Imagine where the user wants to store their keys on disk. The problem here is SGX does not have an internal counter, so it needs to get it from outside source. The trusted way to do this is via the TPM, but you want to make sure nobody switches out the motherboard and reset the counter. Sounds good? But this scheme is still insecure. The enclave doesn't have a way to control how many instances of the enclave exist. Attacker runs the same enclave concurrently and feeds the same tpm_cntr and tpm_sig to both instances. Concurrent composition not limited to running the same operation. SGX has no built-in replay protections. Launch enclave cannot limit concurrency, EINITOKEN is a long-term credential and the whitelist is ineffective.
The damage is not limited to that piece of data but anything that depends on that data. You're not just effecting one node, you might be impacting multiple notes.
Another issue is state malleability and knowledge extractors. SGX enclave is nota black box, as adversary can force the enclave to exit at arbitrary execution point via AEX and then control what happens after AEX. Global enclave state is malleable! Partial rewinding effect possible, since SGX allows multiple threads within the same enclave, interrupt one-thread at appropriate point and ecall other threads. Careful wit interactive proof-of-knowledge protocols, as they require just two responses per commitment to reveal the secret.
Now onto other issues...
Group signatures allow members to anonymously sign messages on behalf of the group with a single group public-key (unique private key per member). Group manager decides who can join the group and grants credentials to each member. Security goals are full anonymity and member revocation. Can use EPID for anonymity, blind join and member revocation.

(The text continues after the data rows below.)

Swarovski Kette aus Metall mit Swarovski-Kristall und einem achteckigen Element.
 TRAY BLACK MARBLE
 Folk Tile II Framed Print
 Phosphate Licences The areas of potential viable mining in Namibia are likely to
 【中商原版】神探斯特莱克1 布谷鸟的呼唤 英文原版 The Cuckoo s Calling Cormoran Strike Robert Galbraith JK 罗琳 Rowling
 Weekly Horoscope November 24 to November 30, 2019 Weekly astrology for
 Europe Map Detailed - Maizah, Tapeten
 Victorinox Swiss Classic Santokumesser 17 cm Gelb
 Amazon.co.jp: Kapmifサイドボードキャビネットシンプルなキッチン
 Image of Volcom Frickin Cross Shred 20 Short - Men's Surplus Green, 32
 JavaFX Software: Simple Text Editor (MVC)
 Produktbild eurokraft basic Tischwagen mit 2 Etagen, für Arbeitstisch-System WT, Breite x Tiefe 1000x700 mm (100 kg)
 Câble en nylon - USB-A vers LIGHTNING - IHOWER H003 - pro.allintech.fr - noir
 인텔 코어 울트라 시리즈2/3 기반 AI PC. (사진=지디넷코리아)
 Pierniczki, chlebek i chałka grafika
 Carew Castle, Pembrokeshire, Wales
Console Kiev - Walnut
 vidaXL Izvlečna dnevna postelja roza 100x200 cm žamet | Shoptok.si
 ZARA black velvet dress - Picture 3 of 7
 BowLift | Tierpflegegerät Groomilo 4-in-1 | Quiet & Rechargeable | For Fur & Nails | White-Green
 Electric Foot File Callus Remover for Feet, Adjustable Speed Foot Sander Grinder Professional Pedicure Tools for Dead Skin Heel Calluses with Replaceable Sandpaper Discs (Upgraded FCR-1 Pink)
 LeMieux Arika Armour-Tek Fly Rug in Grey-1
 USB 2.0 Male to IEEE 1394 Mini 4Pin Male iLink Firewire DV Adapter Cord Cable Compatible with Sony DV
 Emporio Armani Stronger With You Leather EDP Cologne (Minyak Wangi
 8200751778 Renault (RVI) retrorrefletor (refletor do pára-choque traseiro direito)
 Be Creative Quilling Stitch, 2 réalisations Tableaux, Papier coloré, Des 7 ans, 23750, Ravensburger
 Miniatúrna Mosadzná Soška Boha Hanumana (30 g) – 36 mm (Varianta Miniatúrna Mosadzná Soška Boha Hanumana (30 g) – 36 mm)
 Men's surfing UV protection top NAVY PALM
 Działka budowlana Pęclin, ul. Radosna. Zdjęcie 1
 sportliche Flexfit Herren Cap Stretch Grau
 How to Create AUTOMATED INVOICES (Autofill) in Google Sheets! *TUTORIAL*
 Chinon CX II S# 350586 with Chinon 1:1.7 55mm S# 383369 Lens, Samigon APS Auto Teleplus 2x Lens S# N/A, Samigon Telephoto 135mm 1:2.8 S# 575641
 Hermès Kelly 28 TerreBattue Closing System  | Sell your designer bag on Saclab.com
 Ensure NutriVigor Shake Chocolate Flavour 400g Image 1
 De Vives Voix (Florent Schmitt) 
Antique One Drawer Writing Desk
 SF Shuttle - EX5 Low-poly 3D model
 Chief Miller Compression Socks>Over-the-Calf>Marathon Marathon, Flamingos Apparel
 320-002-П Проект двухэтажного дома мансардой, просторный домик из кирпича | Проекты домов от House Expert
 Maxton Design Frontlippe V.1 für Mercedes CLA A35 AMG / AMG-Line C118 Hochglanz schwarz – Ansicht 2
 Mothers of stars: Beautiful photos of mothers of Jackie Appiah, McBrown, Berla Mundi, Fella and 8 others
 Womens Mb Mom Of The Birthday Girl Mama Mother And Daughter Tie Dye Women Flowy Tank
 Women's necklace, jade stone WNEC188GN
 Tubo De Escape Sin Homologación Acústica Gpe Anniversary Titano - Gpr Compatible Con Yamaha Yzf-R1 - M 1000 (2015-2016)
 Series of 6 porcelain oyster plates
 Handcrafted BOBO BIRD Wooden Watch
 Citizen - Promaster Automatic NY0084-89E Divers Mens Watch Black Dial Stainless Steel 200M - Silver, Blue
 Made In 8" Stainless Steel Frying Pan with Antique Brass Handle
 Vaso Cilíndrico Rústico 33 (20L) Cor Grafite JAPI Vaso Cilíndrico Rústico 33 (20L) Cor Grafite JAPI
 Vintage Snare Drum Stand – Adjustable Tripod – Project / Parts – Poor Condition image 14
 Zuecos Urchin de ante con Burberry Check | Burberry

EPID signatures have two distinct components: basic signature and non-revoked signature proof. Basic signature is based on BBS+. In addition to basic signature, each signature also contains a lot of math that is hard to capture on a blog. EPID doesn't have full anonymity if you revoke a key.
Each platform given a provisioning ID (PPID), which is known by the CPU and Intel, so there can be no anonymity of join (though it also doesn't claim). The researcher believes there is an online database, maintained by Intel, online of all of these highly sensitive IDs that would be an attractive target for attackers.
Enclave creates local attestation for quoting enclave (QE) and optionally requests QE to generate local attestation for for quote for anclave. QE creates encrypted EPID signature and the enclave validates QE's lcoal attestation on encrypted quote. The enclave sends encrypted quote to Service Provider (SP), SP cannot validate the quote itself even if it has access to group public key.
Provisioning enclave and quoting enclaves are securely implemented, but lots of bike shedding crypto. It is secure against sequential, concurrent and state malleability. There is no privacy in spite of group signatures. Remote attestation quotes are encrypted and can only be validated by Intel, which destroys privacy and could be abused by MitM (Intel?)